What is needed: Word for word, copy every line of the data.
**** Data for this exercise
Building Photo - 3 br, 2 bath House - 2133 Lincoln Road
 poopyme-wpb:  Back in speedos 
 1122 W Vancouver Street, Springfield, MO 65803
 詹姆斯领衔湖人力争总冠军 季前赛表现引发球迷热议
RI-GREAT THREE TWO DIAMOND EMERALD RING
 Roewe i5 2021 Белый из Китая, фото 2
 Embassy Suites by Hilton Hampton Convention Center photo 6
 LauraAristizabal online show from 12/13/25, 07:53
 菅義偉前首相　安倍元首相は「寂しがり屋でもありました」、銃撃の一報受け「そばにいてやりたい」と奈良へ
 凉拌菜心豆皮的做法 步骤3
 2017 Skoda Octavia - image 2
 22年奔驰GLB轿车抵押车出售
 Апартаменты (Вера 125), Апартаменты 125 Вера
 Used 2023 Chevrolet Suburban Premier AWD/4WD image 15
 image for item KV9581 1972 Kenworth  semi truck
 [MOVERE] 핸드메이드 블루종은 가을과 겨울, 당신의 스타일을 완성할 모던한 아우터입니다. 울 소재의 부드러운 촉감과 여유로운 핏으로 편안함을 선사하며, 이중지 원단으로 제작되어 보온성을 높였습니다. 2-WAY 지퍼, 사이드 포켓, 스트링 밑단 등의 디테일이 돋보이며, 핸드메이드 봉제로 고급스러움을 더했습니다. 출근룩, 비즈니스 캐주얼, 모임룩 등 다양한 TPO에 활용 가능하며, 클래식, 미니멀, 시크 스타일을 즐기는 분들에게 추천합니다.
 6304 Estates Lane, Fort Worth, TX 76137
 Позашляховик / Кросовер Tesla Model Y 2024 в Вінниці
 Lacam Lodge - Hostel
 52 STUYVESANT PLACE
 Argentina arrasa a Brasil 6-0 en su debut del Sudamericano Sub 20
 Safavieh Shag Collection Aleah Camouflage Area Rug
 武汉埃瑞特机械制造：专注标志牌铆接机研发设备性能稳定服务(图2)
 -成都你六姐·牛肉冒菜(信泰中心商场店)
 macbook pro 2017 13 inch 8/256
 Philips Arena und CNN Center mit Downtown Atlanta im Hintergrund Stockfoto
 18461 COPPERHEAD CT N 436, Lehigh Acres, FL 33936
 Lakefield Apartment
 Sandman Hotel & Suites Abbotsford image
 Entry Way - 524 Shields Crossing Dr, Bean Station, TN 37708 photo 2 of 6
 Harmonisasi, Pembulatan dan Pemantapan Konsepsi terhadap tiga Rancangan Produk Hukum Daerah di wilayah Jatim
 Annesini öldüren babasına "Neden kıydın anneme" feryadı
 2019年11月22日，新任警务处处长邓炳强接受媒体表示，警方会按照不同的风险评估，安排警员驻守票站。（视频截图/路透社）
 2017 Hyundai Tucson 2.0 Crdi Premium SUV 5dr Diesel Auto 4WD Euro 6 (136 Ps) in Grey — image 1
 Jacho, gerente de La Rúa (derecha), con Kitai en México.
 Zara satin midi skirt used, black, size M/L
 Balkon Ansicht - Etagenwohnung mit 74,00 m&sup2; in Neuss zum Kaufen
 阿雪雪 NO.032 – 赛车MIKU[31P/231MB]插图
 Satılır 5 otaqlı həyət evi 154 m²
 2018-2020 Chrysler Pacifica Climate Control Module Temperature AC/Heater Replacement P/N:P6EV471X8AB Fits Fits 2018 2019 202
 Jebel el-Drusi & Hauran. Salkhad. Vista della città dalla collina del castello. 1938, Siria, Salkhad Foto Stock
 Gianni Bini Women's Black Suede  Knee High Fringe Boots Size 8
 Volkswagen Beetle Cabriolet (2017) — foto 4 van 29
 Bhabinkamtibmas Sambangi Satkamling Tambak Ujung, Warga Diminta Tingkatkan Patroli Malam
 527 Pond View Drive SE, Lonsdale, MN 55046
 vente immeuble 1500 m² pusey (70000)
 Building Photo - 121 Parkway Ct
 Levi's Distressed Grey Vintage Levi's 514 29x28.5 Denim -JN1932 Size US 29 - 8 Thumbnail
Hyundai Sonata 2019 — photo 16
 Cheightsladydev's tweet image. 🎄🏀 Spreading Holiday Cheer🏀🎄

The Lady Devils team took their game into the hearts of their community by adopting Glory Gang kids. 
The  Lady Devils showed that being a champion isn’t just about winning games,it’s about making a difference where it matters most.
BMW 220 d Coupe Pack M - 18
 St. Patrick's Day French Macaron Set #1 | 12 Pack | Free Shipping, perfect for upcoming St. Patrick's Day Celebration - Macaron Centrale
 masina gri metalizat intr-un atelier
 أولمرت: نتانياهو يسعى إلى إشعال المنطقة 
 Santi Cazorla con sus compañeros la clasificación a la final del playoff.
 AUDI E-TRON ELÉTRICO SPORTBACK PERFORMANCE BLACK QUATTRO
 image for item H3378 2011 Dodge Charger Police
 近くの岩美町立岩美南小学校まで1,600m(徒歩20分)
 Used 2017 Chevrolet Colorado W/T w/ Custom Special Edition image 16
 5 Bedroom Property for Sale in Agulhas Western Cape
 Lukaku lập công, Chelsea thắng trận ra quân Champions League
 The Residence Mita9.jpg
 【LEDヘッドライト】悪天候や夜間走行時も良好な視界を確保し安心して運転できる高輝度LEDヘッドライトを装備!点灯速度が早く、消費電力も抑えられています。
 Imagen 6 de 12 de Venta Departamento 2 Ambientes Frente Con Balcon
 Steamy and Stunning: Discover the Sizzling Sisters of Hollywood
********
Response area:
Building Photo - 3 br, 2 bath House - 2133 Lincoln Road
 poopyme-wpb:  Back in speedos 
 1122 W Vancouver Street, Springfield, MO 65803
 詹姆斯领衔湖人力争总冠军 季前赛表现引发球迷热议
RI-GREAT THREE TWO DIAMOND EMERALD RING
 Roewe i5 2021 Белый из Китая, фото 2
 Embassy Suites by Hilton Hampton Convention Center photo 6
 LauraAristizabal online show from 12/13/25, 07:53
 菅義偉前首相　安倍元首相は「寂しがり屋でもありました」、銃撃の一報受け「そばにいてやりたい」と奈良へ
 凉拌菜心豆皮的做法 步骤3
 2017 Skoda Octavia - image 2
 22年奔驰GLB轿车抵押车出售
 Апартаменты (Вера 125), Апартаменты 125 Вера
 Used 2023 Chevrolet Suburban Premier AWD/4WD image 15
 image for item KV9581 1972 Kenworth  semi truck
 [MOVERE] 핸드메이드 블루종은 가을과 겨울, 당신의 스타일을 완성할 모던한 아우터입니다. 울 소재의 부드러운 촉감과 여유로운 핏으로 편안함을 선사하며, 이중지 원단으로 제작되어 보온성을 높였습니다. 2-WAY 지퍼, 사이드 포켓, 스트링 밑단 등의 디테일이 돋보이며, 핸드메이드 봉제로 고급스러움을 더했습니다. 출근룩, 비즈니스 캐주얼, 모임룩 등 다양한 TPO에 활용 가능하며, 클래식, 미니멀, 시크 스타일을 즐기는 분들에게 추천합니다.
 6304 Estates Lane, Fort Worth, TX 76137
 Позашляховик / Кросовер Tesla Model Y 2024 в Вінниці
 Lacam Lodge - Hostel
 52 STUYVESANT PLACE
 Argentina arrasa a Brasil 6-0 en su debut del Sudamericano Sub 20
 Safavieh Shag Collection Aleah Camouflage Area Rug
 武汉埃瑞特机械制造：专注标志牌铆接机研发设备性能稳定服务(图2)
 -成都你六姐·牛肉冒菜(信泰中心商场店)
 macbook pro 2017 13 inch 8/256
 Philips Arena und CNN Center mit Downtown Atlanta im Hintergrund Stockfoto
 18461 COPPERHEAD CT N 436, Lehigh Acres, FL 33936
 Lakefield Apartment
 Sandman Hotel & Suites Abbotsford image
 Entry Way - 524 Shields Crossing Dr, Bean Station, TN 37708 photo 2 of 6
 Harmonisasi, Pembulatan dan Pemantapan Konsepsi terhadap tiga Rancangan Produk Hukum Daerah di wilayah Jatim
 Annesini öldüren babasına "Neden kıydın anneme" feryadı
 2019年11月22日，新任警务处处长邓炳强接受媒体表示，警方会按照不同的风险评估，安排警员驻守票站。（视频截图/路透社）
 2017 Hyundai Tucson 2.0 Crdi Premium SUV 5dr Diesel Auto 4WD Euro 6 (136 Ps) in Grey — image 1
 Jacho, gerente de La Rúa (derecha), con Kitai en México.
 Zara satin midi skirt used, black, size M/L
 Balkon Ansicht - Etagenwohnung mit 74,00 m&sup2; in Neuss zum Kaufen
 阿雪雪 NO.032 – 赛车MIKU[31P/231MB]插图
 Satılır 5 otaqlı həyət evi 154 m²
 2018-2020 Chrysler Pacifica Climate Control Module Temperature AC/Heater Replacement P/N:P6EV471X8AB Fits Fits 2018 2019 202
 Jebel el-Drusi & Hauran. Salkhad. Vista della città dalla collina del castello. 1938, Siria, Salkhad Foto Stock
 Gianni Bini Women's Black Suede  Knee High Fringe Boots Size 8
 Volkswagen Beetle Cabriolet (2017) — foto 4 van 29
 Bhabinkamtibmas Sambangi Satkamling Tambak Ujung, Warga Diminta Tingkatkan Patroli Malam
 527 Pond View Drive SE, Lonsdale, MN 55046
 vente immeuble 1500 m² pusey (70000)
 Building Photo - 121 Parkway Ct
 Levi's Distressed Grey Vintage Levi's 514 29x28.5 Denim -JN1932 Size US 29 - 8 Thumbnail
Hyundai Sonata 2019 — photo 16
 Cheightsladydev's tweet image. 🎄🏀 Spreading Holiday Cheer🏀🎄

The Lady Devils team took their game into the hearts of their community by adopting Glory Gang kids. 
The  Lady Devils showed that being a champion isn’t just about winning games,it’s about making a difference where it matters most.
BMW 220 d Coupe Pack M - 18
 St. Patrick's Day French Macaron Set #1 | 12 Pack | Free Shipping, perfect for upcoming St. Patrick's Day Celebration - Macaron Centrale
 masina gri metalizat intr-un atelier
 أولمرت: نتانياهو يسعى إلى إشعال المنطقة 
 Santi Cazorla con sus compañeros la clasificación a la final del playoff.
 AUDI E-TRON ELÉTRICO SPORTBACK PERFORMANCE BLACK QUATTRO
 image for item H3378 2011 Dodge Charger Police
 近くの岩美町立岩美南小学校まで1,600m(徒歩20分)
 Used 2017 Chevrolet Colorado W/T w/ Custom Special Edition image 16
 5 Bedroom Property for Sale in Agulhas Western Cape
 Lukaku lập công, Chelsea thắng trận ra quân Champions League
 The Residence Mita9.jpg
 【LEDヘッドライト】悪天候や夜間走行時も良好な視界を確保し安心して運転できる高輝度LEDヘッドライトを装備!点灯速度が早く、消費電力も抑えられています。
 Imagen 6 de 12 de Venta Departamento 2 Ambientes Frente Con Balcon
 Steamy and Stunning: Discover the Sizzling Sisters of Hollywood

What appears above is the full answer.